Work backward from your goal. Set a standard for your deliverables and then invest in what yields those results. This means defining how you’re bringing data in and the outputs that you’ll be providing and leveraging technology to bridge the two together.
Step 4: Pick Your First Potential Clients
Once you’re ready to launch your FP&A services, who do you roll it out to? The clients you should look to share a couple common traits.
For businesses focused on growth, FP&A helps them set a plan, measure results, and learn from their findings. They have goals they want to achieve. Planning helps them set those goals, the reports let them know if they were successful, and the analysis gives them the best odds of hitting them.
Another trait to look for is owner buy-in. They need to see the long-term strategy and benefit to be a good fit. FP&A is like a conversation, both parties need to be contributing to make it really work. If the owner is going to show up because they see the value, you’ll be able to do your best work.

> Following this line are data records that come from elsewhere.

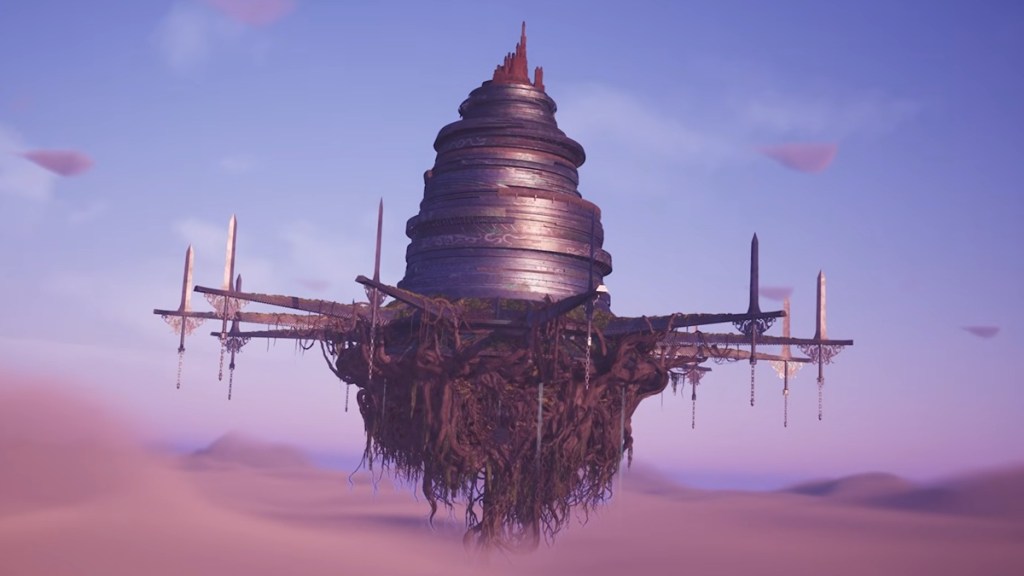 Sword Art Online Echoes of Aincrad atmosphere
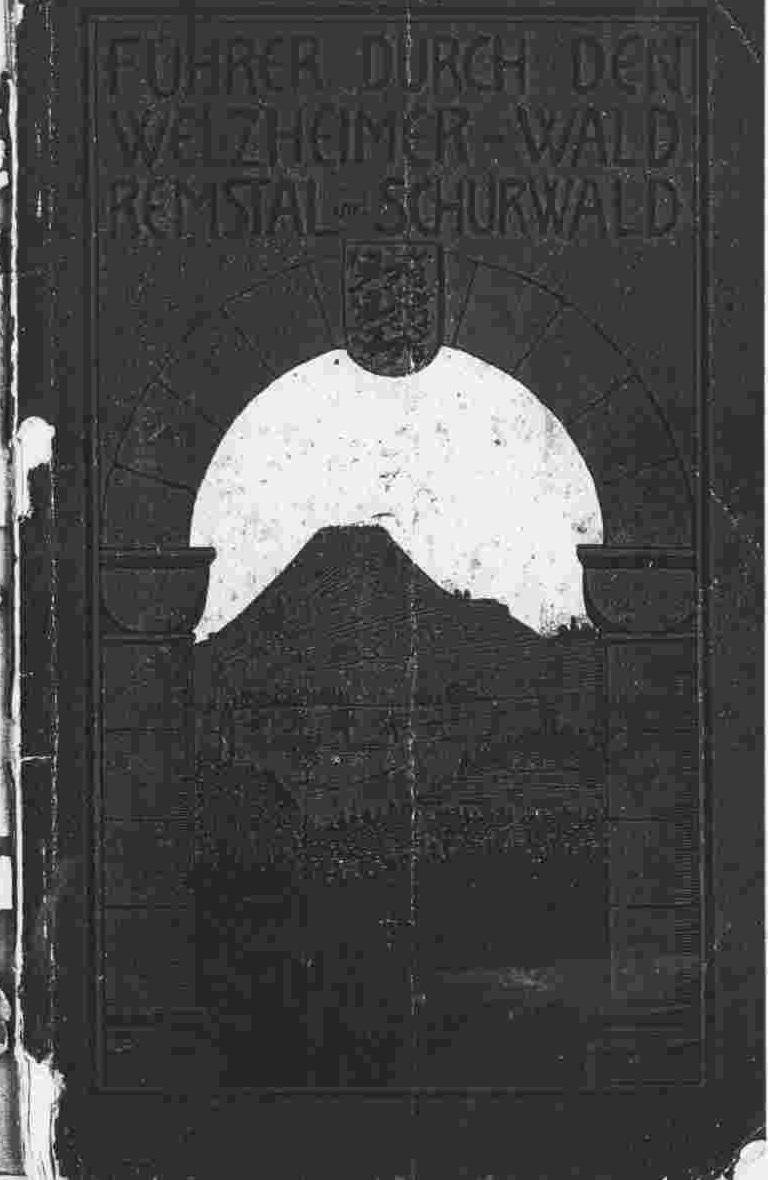 Historischer Hotelführer Goldener Ochsen Göppingen Hohenstaufen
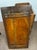 Nice 19th Century Dovetailed Pine Dough Box on Turned Legs With Cover For Sale - Image 11 of 11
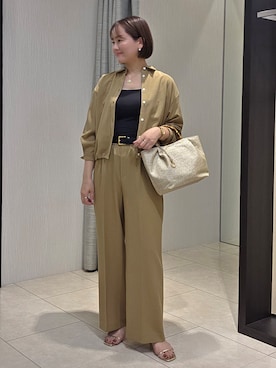 naokoさん(レディース・165cm)の夏コーディネート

Finally, they have to be committed to good data hygiene. When you’re trying to provide data-based forecasts and measure results, bad data makes your work meaningless. How can you provide advice on their future if you don’t even know their past?
Step 5: Staff For the First Phase
Having a key stakeholder is essential. This will be the person who heads the FP&A initiative and is accountable for the results.
The executing roles in FP&A are the expert and analyst. The expert is your go-to for best practices on financial models while the analyst updates, maintains, and produces reports using the models.
For supporting roles, a technical person will be responsible for the technology you use to provide your services. They’ll manage the software and tools you use and keep them operating. Sales works on onboarding new clients for your FP&A services.
When you’re ready to expand, consider adding a marketing team to speed up your lead generation.
Step 6: Package and Price Your Services
First, figure out if you’re going to do hourly billing or subscription pricing for your services.
Subscription billing is easy to budget for and rewards your efficiency. If you can do the same quality of work quicker, you’re still paid the same amount. Hourly billing is much harder to plan for, and scope creep becomes a real problem.
Have clearly set deliverables to keep client expectations in check. If you go the subscription pricing route, consider offering different bundles with additional deliverables in each. This makes your services fit a wider range of clients.
In the first phase, you should always be evaluating your prices. Are you overextending yourself and juggling too many things? Consider upping your prices. Not enough new clients? Your prices might be too high. You probably won’t have perfect pricing right away, but you’ll find the sweet spot with time.